Family members from the great white north again visited us at Christmas in 1983 in hopes of warmer weather. What a shock that was – the coldest winter on record here. That year we lost ligustrum hedges by the thousands – they were replaced with red-tip photinia. Indian hawthorn, pittosporum, crape myrtle and even live oaks suffered. We began to feel that we needed to reconsider the core plantings of our gardens. Including more native plants in our landscapes became more important.
Weather in Texas is definitely unpredictable. It makes gardening a challenge, but the possibility of harvesting broccoli, greens, radishes and carrots for Christmas dinner keeps me always trying to outwit what nature brings us.

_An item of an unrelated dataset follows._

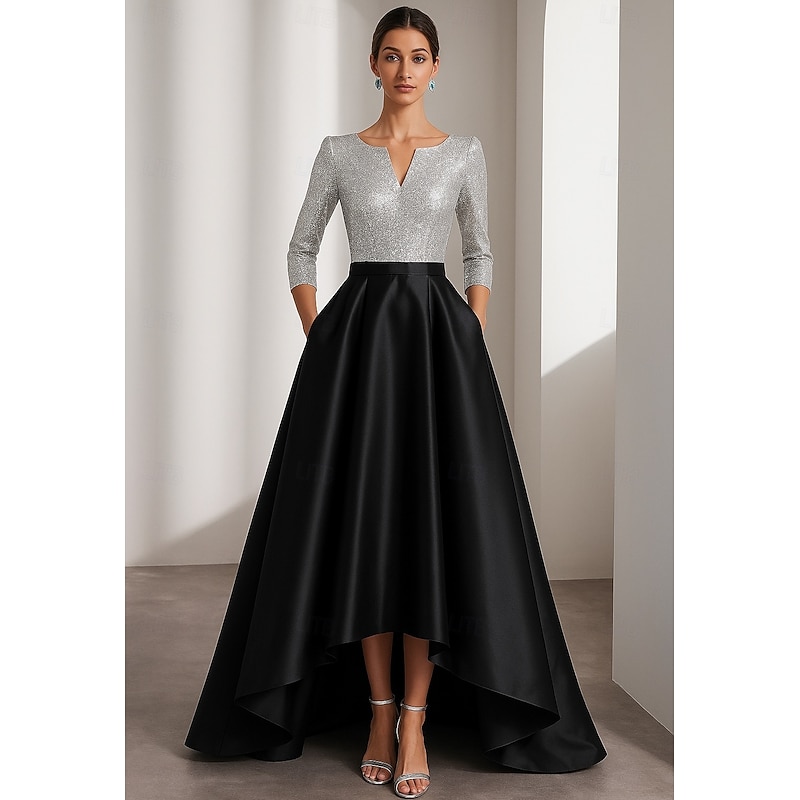 Black Gold A-Line Evening Gown Elegant Formal Dress Formal Wedding Asymmetrical Half Sleeve V Neck Satin with Glitter 20252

We are going on a road trip west next week – will keep you posted.
Merry Christmas, Happy Hanukkah and the best to all in the New Year.
Sitting at home, sipping tea, wrapped in a blanket, sniffing and watching a cold front move in – a perfect day to clean up some computer files. I found all sorts of old photos and files. The one that caught my attention was taken 10 years ago in our front yard. My, it has changed so much (and so has fashion!). Originally there was a little bed around some trees, and the rest in St. Augustine grass. Weed killer was used constantly to keep out my neighbors travelling hypericum and the continual popping up of redbud trees, cherry laurel and Turk’s cap from seeds left by the birds. The grass has long been gone. The cherry laurels, oak trees and eastern red cedar have grown so much. Under them are a wide variety of native and well-adapted plants. Oak leaf hydrangea, Japanese maple, viburnum, lots of Turk’s cap (I let them pop up wherever they please), aralia, leatherleaf mahonia, coralberry, a solitary gardenia and camellia (for fun), salvia guaranitica, possumhaw holly, inland sea oats and many more plants thrive under the trees.
Weed killer is no longer used. My neighbor’s plants are always welcome. The earthworms are happy and so is my husband. There is no grass to mow.
I am just thrilled. My Meyer lemon tree, now probably 5 years old, has produced what I think is a bumper crop. The first couple of winters, I kept it in a spare bedroom when temperatures approached freezing. Last year I potted it up into a 19″ rectangular pot. The tree has flourished to the point that a big decision must now be made. If I want to have guests, there is no room for the tree. Which shall it be – tree or guests in the spare bedroom? Alas there is no choice. Sadly I will have to miss the fragrance of its winter blossoms – they will help perfume the greenhouse at our Arlington store instead. (As a footnote, Michael and Lorie planted their Meyer lemon outside in a protected spot. I will let you know how it fares this winter).
Meanwhile we are in the process of harvesting 56 lemons. I have already made some Meyer lemon marmalade – my husband loves it. I am anxious to taste the preserved lemons – this is a new one for me. Meyer lemon limoncello is next on the list. And half of the lemons are still waiting to be picked.